From the side of the organ of vision: rarely - swelling of the optic nerve head; very rarely - conjunctival hyperemia.
From the organ of hearing and labyrinth: infrequently - vertigo; rarely - hyperacusis, hypoacusia, tinnitus.
From the heart: rarely - myocardial ischemia/infarction, angina pectoris, bradycardia, tachycardia, extrasystoles, palpitations; very rarely - arrhythmia, atrial fibrillation.
From the side of blood vessels: infrequently - arterial hypotension; rarely - arterial hypertension, hot flashes, thrombophlebitis; very rarely - fluctuations in blood pressure.
From the gastrointestinal tract: infrequently - abdominal discomfort, dry mouth, nausea; rarely - abdominal pain, constipation, diarrhea, dyspepsia, vomiting; very rarely - dysphagia, stomatitis.
From the skin and subcutaneous tissues: rarely - erythema, increased sweating, itching, urticaria, rash; very rarely - dermatitis.
General disorders and disorders at the injection site: rarely - asthenia, fatigue, feeling of heat; very rarely - chest discomfort, hypothermia.
Impact on the results of laboratory and instrumental studies: infrequently - decrease in blood pressure, rarely - increase in blood pressure, increase in the concentration of triglycerides in the blood serum, depression of the ST segment on the ECG, decrease/increase in the number of eosinophils, changes in the activity of liver enzymes; very rarely - increase/decrease in the number of leukocytes, decrease in the number of red blood cells, reduction in thrombin time, increase in body weight.
Drug interactions
Interaction is not observed when used simultaneously with beta-blockers (chloranolol, pindolol), clopamide, glibenclamide, digoxin, acenocoumarol, hydrochlorothiazide and imipramine.

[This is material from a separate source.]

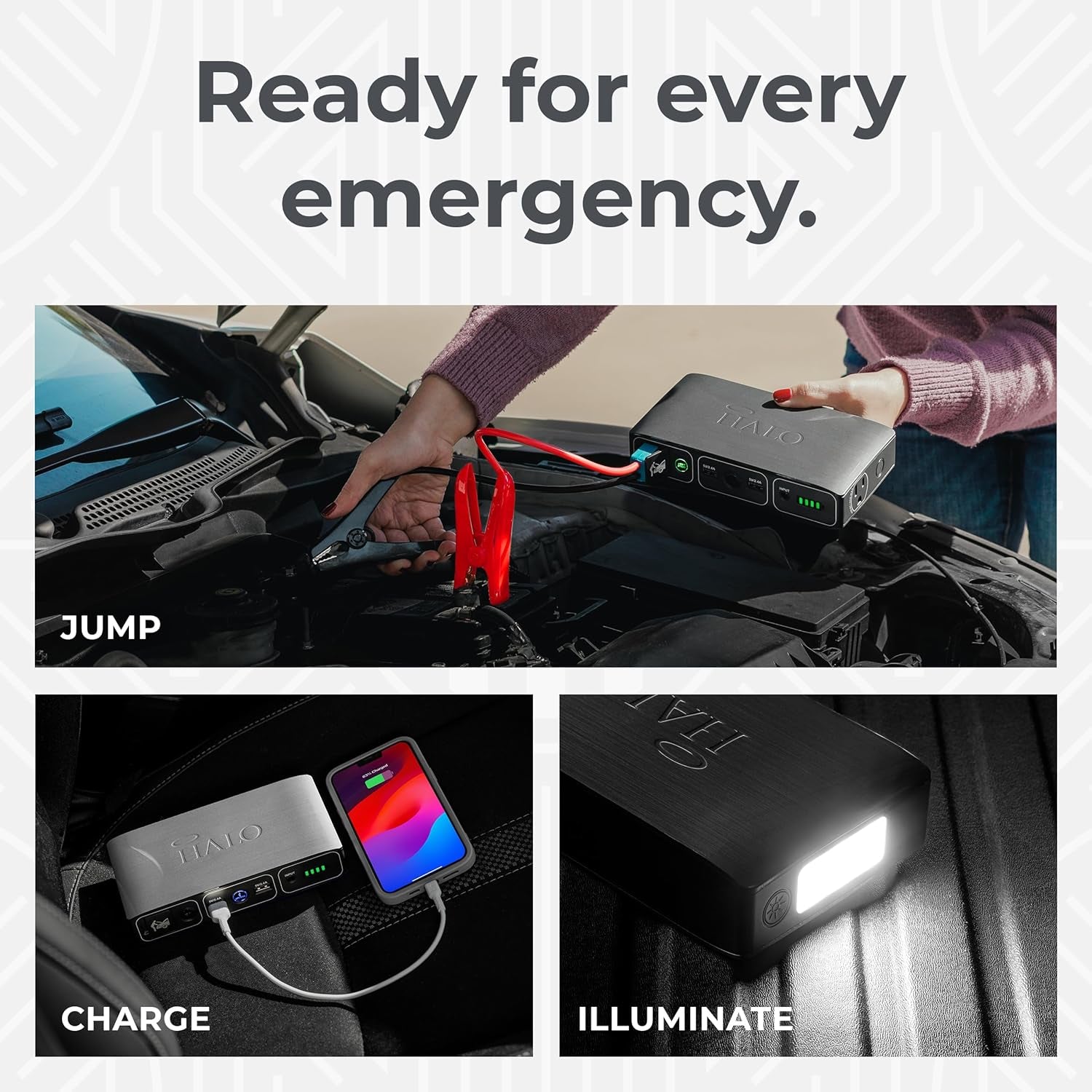 Bolt 58830 Mwh Portable Phone Laptop Charger Car Jump Starter with AC Outlet and Car Charger - Grey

The simultaneous use of vinpocetine and methyldopa sometimes caused a slight increase in the hypotensive effect, so this treatment requires regular monitoring of blood pressure.
Despite the lack of data confirming the possibility of interaction, it is recommended to exercise caution when prescribing Cavinton® Comforte with drugs of central, antiarrhythmic and anticoagulant action.